__AIM OF THE TASK__:
All entries below are to be reproduced precisely as they stand, without the pictures.

__SOURCE INFORMATION__:
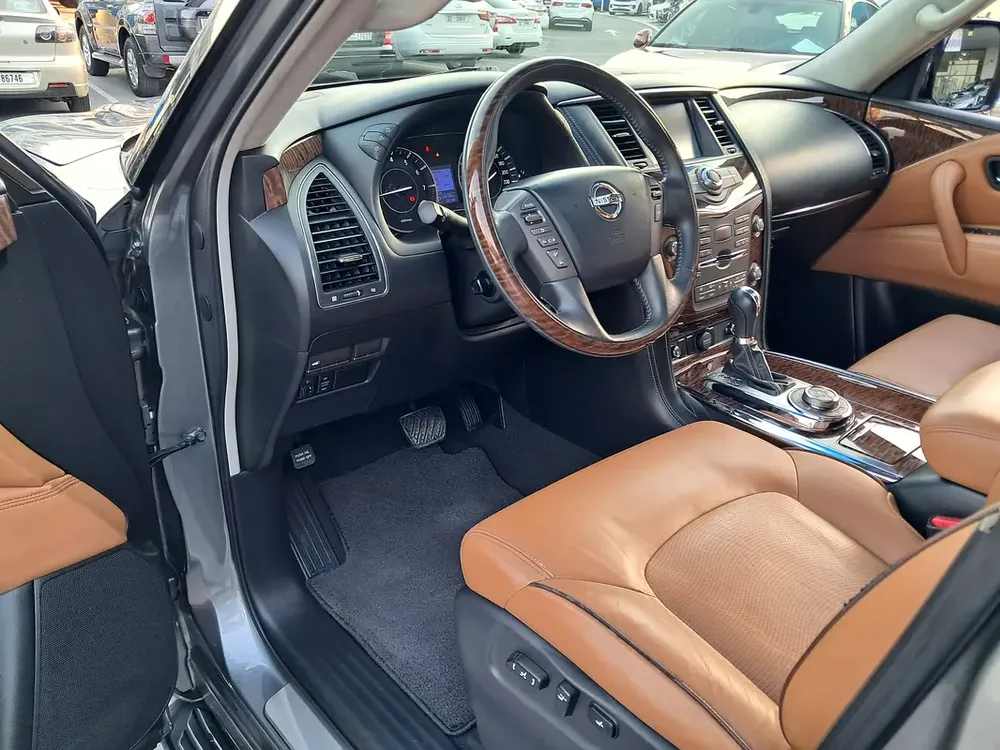 Nissan Patrol SE Platinum 2016 GCC Specs V8 Cylinder 5.6L Engine Family Used Car - Image 10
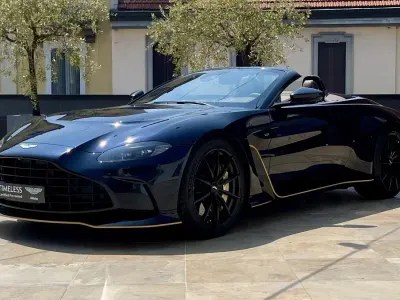 Usata Aston Martin V12 Vantage 700 CV (514 kW) 2023 Blu Cabrio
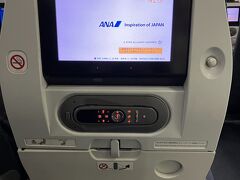 羽田空港ANA 0：40発　エコノミー
どうせ寝れないし後ろに人がいるのもあんまり…
なので1番後ろのトイレ近くの座席。

横も誰もいない！ラッキー！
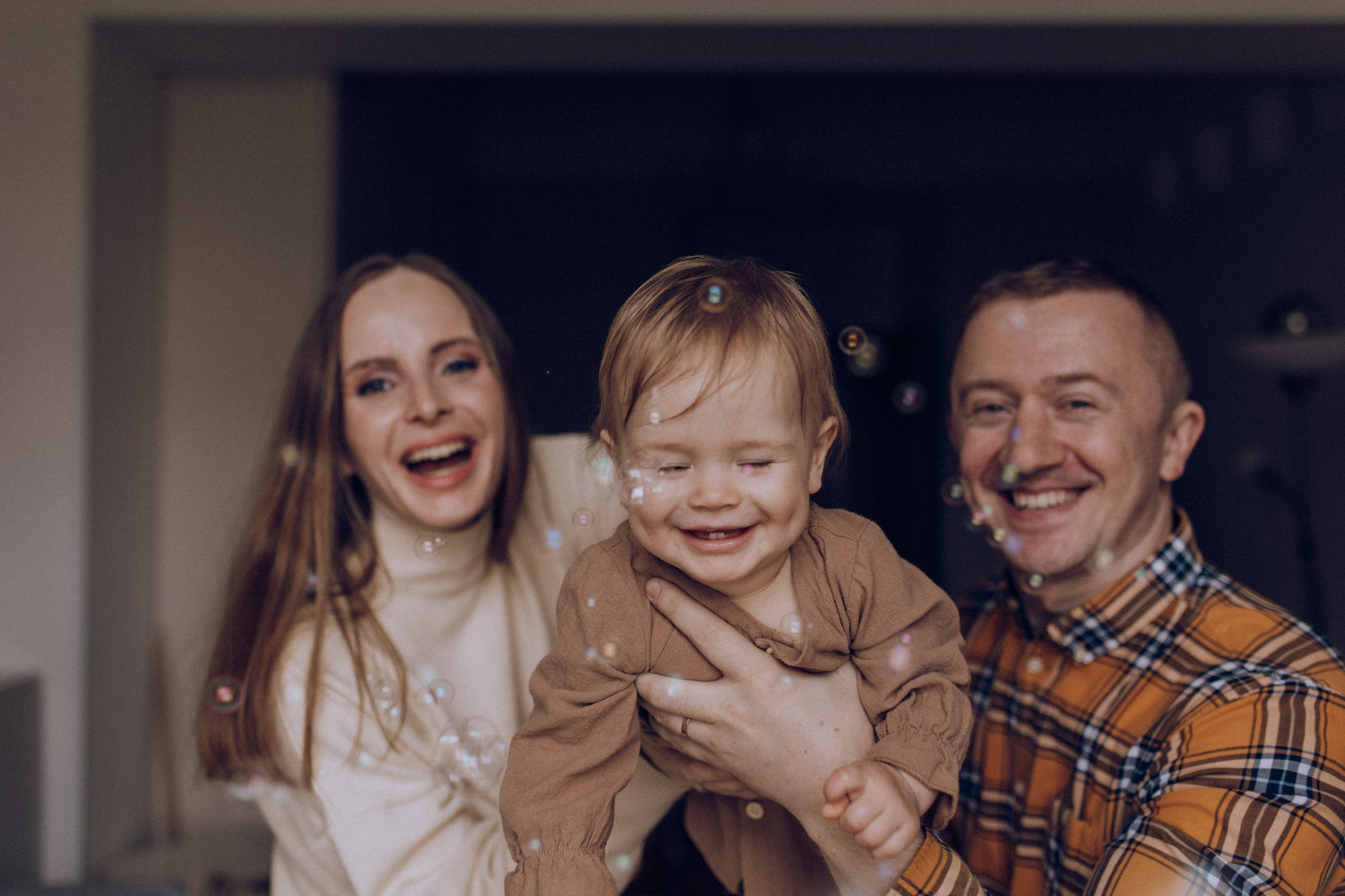 Семейные фотосессии (в студии, на улице или у вас дома). Фотограф Антонина Знак. Семейные фотосессии. Москва и МО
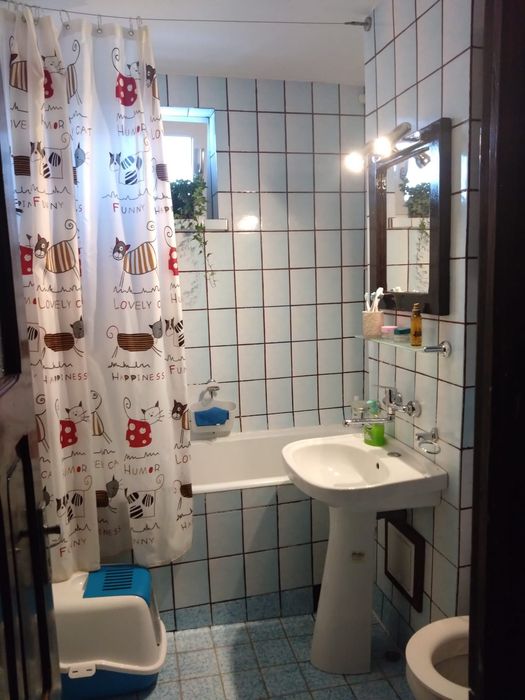Vând  apartament  2  camere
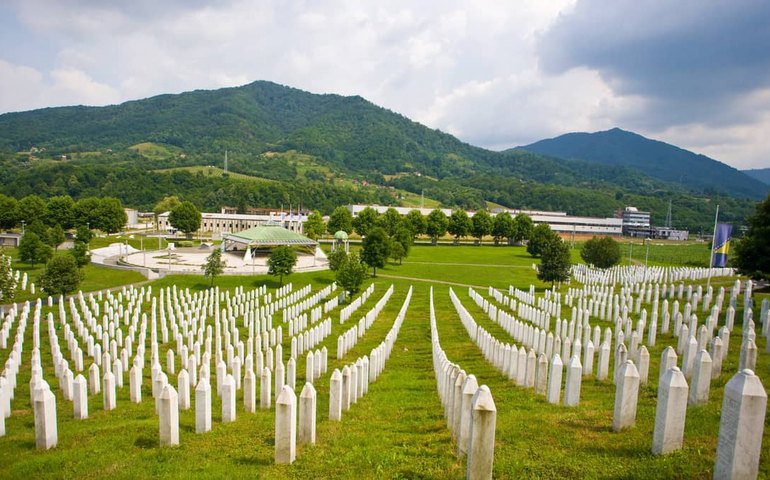 Centenas se reúnem em Sarajevo para homenagear vítimas de Srebrenica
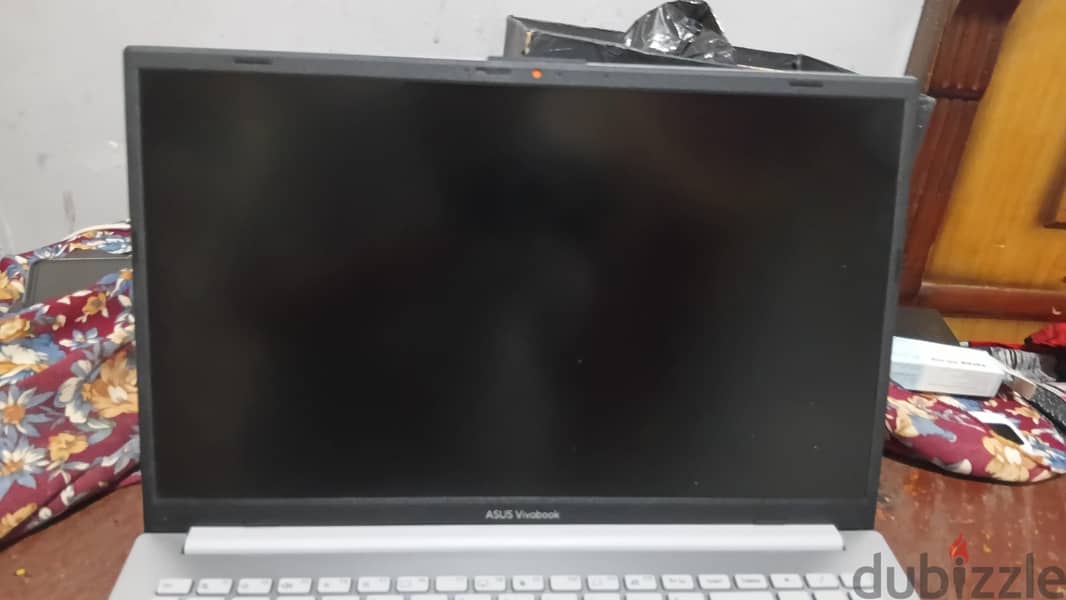 ASUS Vivobook 15 3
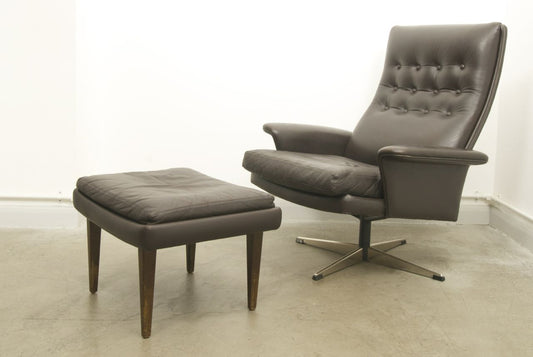 Leather lounger and foot stool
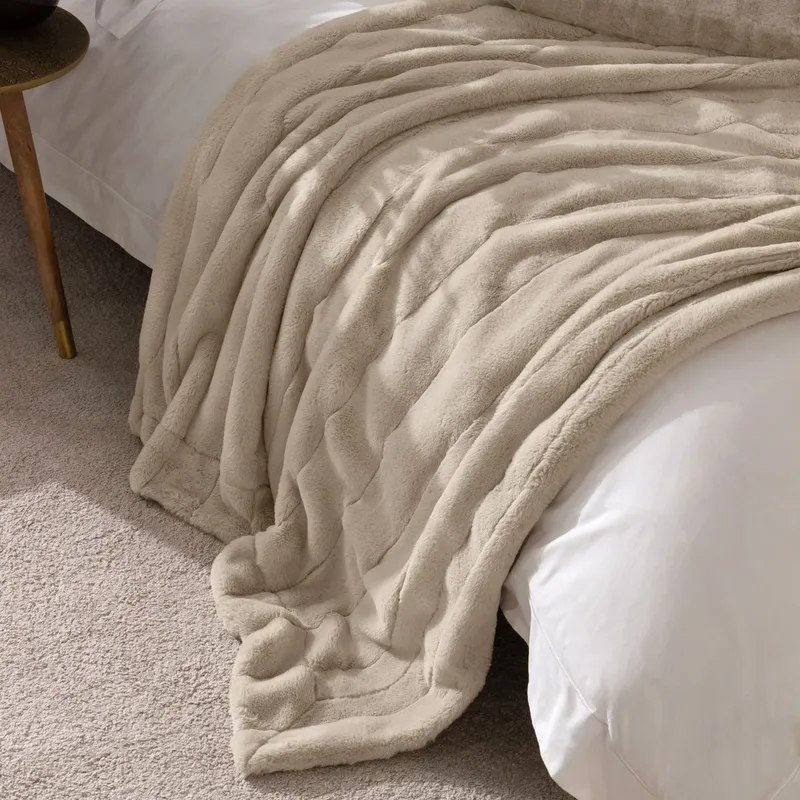 Paoletti Empress Alaskan Faux Fur Throw in Beige Size: 130 cm x 180 cm Beige 130 cm x 180 cm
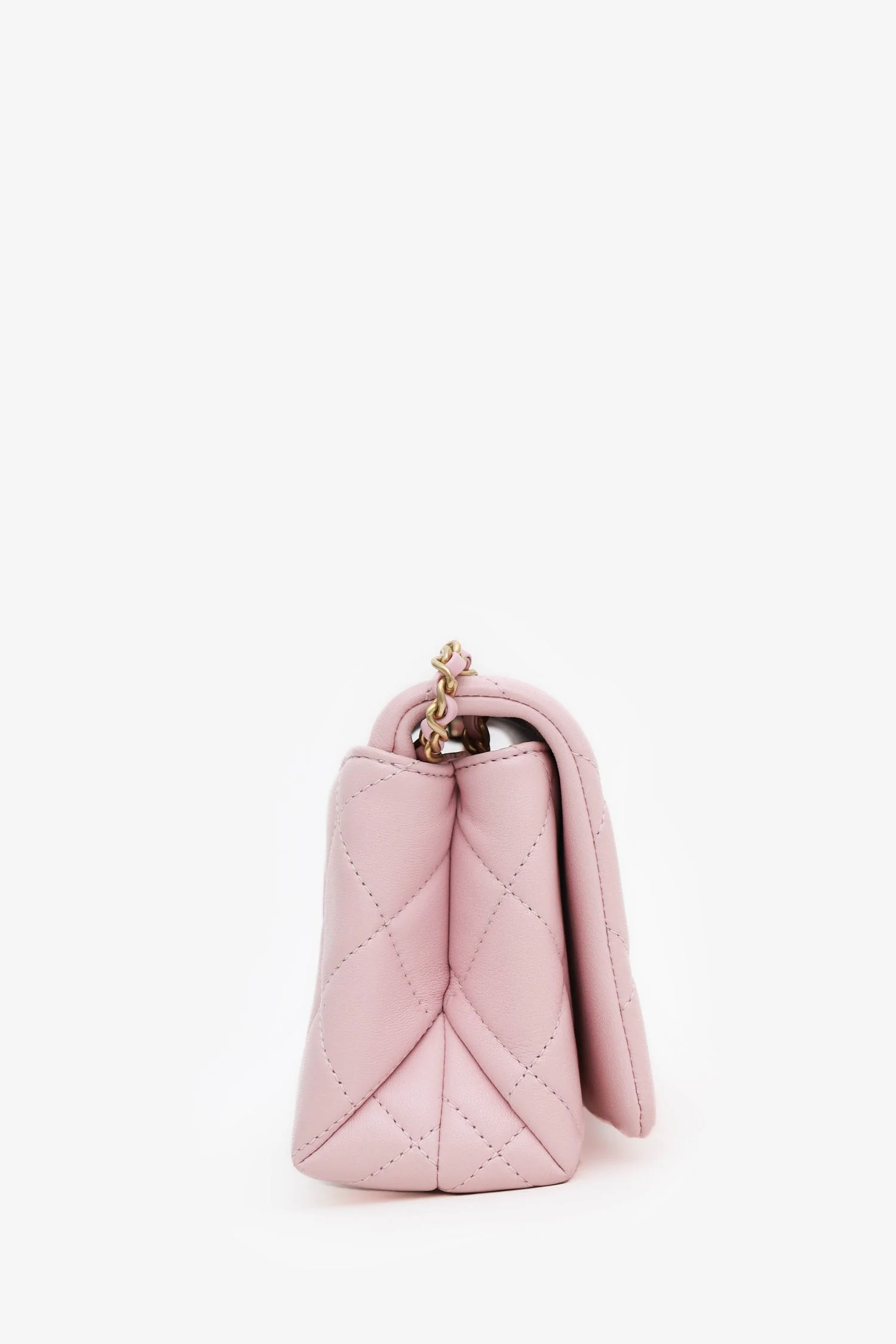 Chanel™ 24A Light Pink Quilted Lambskin Small CC Enamel Flap Bag (Pre-Loved) - Image 4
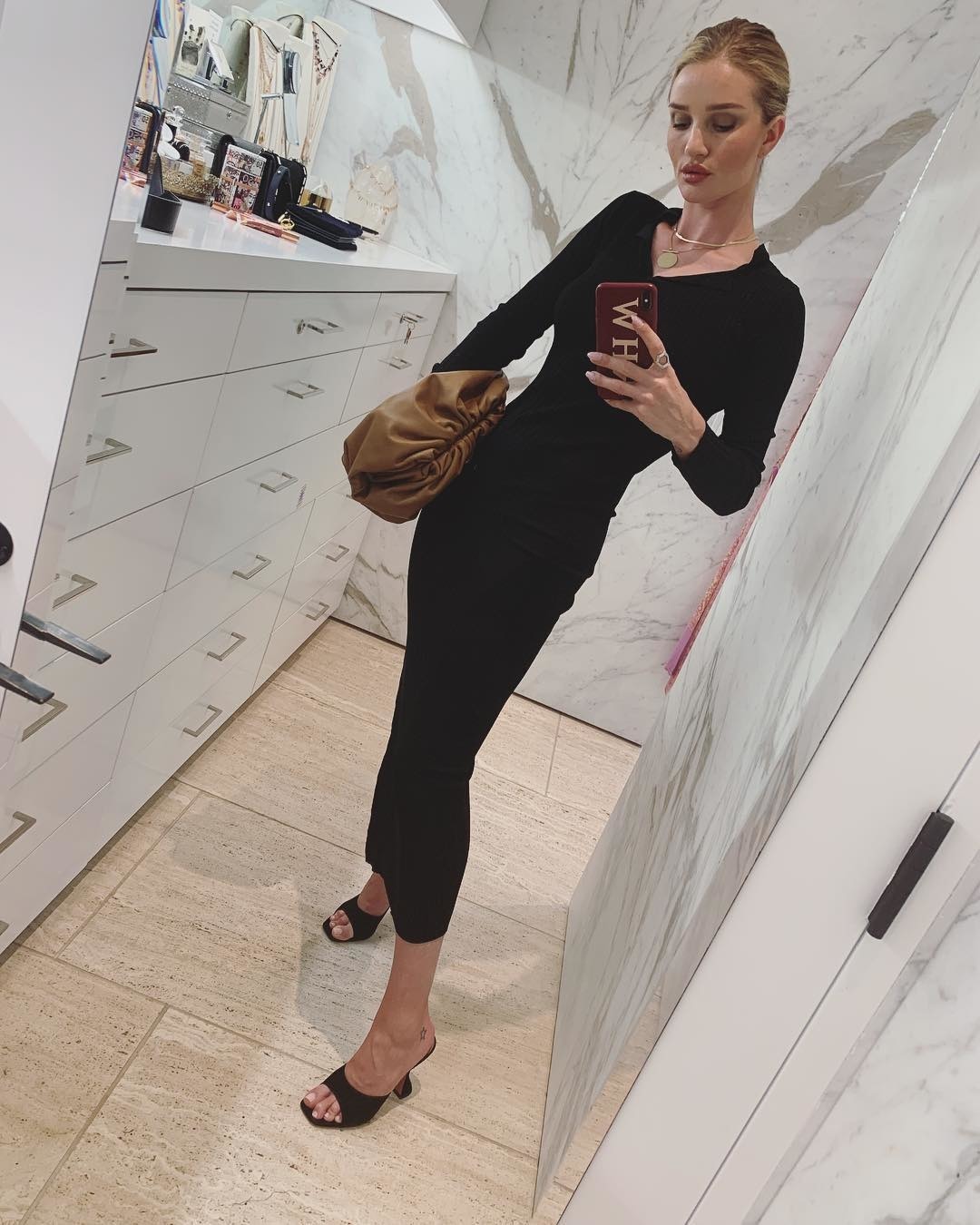 Rosie Huntington-Whiteley'in #MirrorSelfie Obsesyonu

__REPLY__:
 Nissan Patrol SE Platinum 2016 GCC Specs V8 Cylinder 5.6L Engine Family Used Car - Image 10
 Usata Aston Martin V12 Vantage 700 CV (514 kW) 2023 Blu Cabrio
 羽田空港ANA 0：40発　エコノミー
どうせ寝れないし後ろに人がいるのもあんまり…
なので1番後ろのトイレ近くの座席。

横も誰もいない！ラッキー！
 Семейные фотосессии (в студии, на улице или у вас дома). Фотограф Антонина Знак. Семейные фотосессии. Москва и МО
Vând  apartament  2  camere
 Centenas se reúnem em Sarajevo para homenagear vítimas de Srebrenica
 ASUS Vivobook 15 3
 Leather lounger and foot stool
 Paoletti Empress Alaskan Faux Fur Throw in Beige Size: 130 cm x 180 cm Beige 130 cm x 180 cm
 Chanel™ 24A Light Pink Quilted Lambskin Small CC Enamel Flap Bag (Pre-Loved) - Image 4
 Rosie Huntington-Whiteley'in #MirrorSelfie Obsesyonu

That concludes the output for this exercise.